Warm weather aside, you can sense summer beginning to lose its grip just as it does almost every year at this time. The Rufous Hummingbirds rely more on flower petals than plastic feeders now, and as the plants fade away so too will the amazing little birds. We haven’t heard a Western Tanager in a while, although they’ve dipped in the bird baths a time or two. The Goldfinch kept the yard bright again, but they, too, are dispersing. Black-headed Grosbeaks were abundant and, judging from the many young birds around, will be again next year.
On the flip side, we were disappointed at the total absence of Evening Grosbeaks to our feeders, the first year we haven’t seen them. We also missed the Pine Siskin, which is related to the Evenings. Coincidence? We actually felt sorry for the male House Wren: he was industrious in his building and enthusiastic in song, but didn’t attract a single female while he was here. We had five busy nests near the house last year.

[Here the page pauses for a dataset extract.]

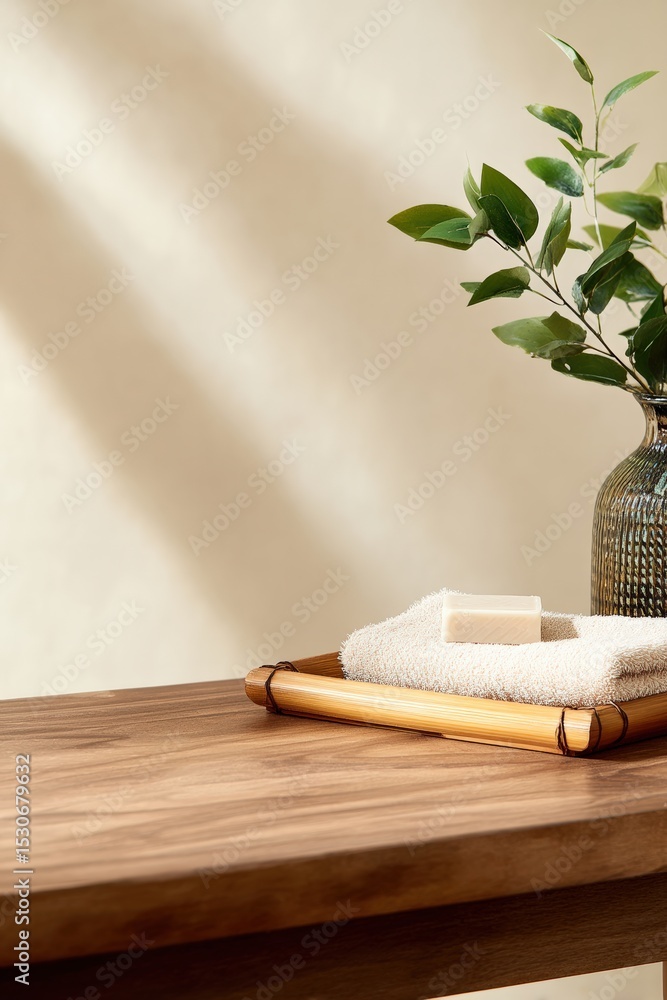 Poster bamboo tray with soap and towels sits on a wooden table, embodying the essence of a natural and mini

I’ll remember one bird in particular from 2006, a young Steller’s Jay that we helped put back into the wild. He’d been nursed to health at a local wildlife rehabilitation center, and because we’d brought injured birds there before they felt we’d make a good go-between for his flight back to the real world. When we opened the basket he flew straight up into a fir tree, took a quick look around, and kept going. The perfect goodbye. And good memories to tide us over until next March, when the hummingbirds return and the cycle we know starts anew.